Wed November 30, 2011
Buck Owens: Finding His Voice In 'Bakersfield'
I'm not much for collections of alternate takes and the early music of people who went on to have hits. There's usually a reason a song doesn't become a hit, just as there's usually a reason to record another take — it's because the music is usually lousy. But I'm a little bit obsessed with a new collection of Buck Owens performances from the years before he became a star. It's a period when he tackled an impressive range of styles, and he was fitfully terrific in trying out these poses until he found the one that made him a commercial success in the 1960s, when he had the bulk of his 21 No. 1 hit singles, including 1963's "Love's Gonna Live Here."
Now, let's go back to the 1950s. Owens is in his mid-20s. He's in Bakersfield, Calif., which had a lively music scene, but was nowhere close to being a music company town like Nashville. Bakersfield was a place in which Owens could play his Telecaster guitar in various bands and begin to take lead vocals.

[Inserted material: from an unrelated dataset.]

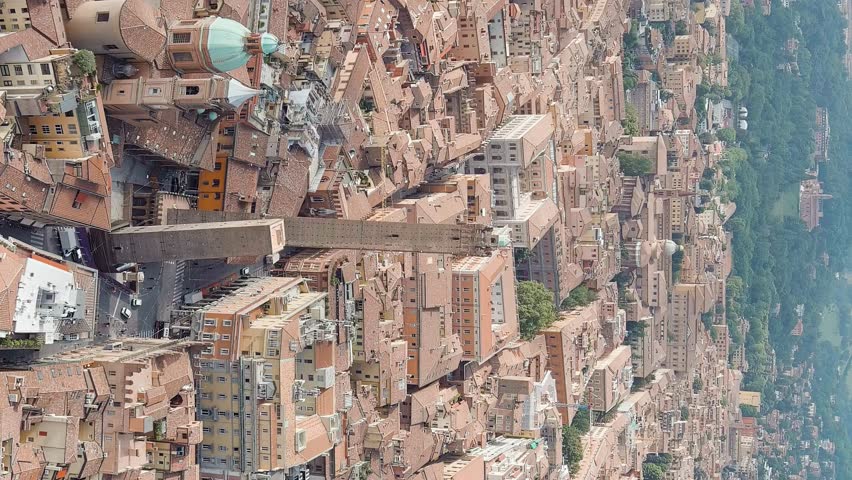 Vertical video. Bologna, Italy. Old Town. Two Towers. (Le due Torri) Garisenda and degli Asinelli. Towers from the 12th century. Summer, Aerial View, Point of interest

On this album, the carefully but exhaustively titled Bound for Bakersfield 1953-1956: The Complete Pre-Capitol Collection, Owens is trying out different voices, different genres. He's influenced by Hank Williams, of course, but also the honky-tonk dance music of Bob Wills, and the rockabilly of Elvis Presley and Carl Perkins. You can hear this latter influence on a jumping little number like "Hot Dog." Oh, and Owens used a different name for his rockabilly move: "Hot Dog" was released under the name Corky Jones.
Sometimes the experiments failed, as experiments will. Owens was straining for a bluesy Elvis wail his vocal instrument just wouldn't allow him to achieve in a lovable bummer called "I'm Gonna Blow." Indeed.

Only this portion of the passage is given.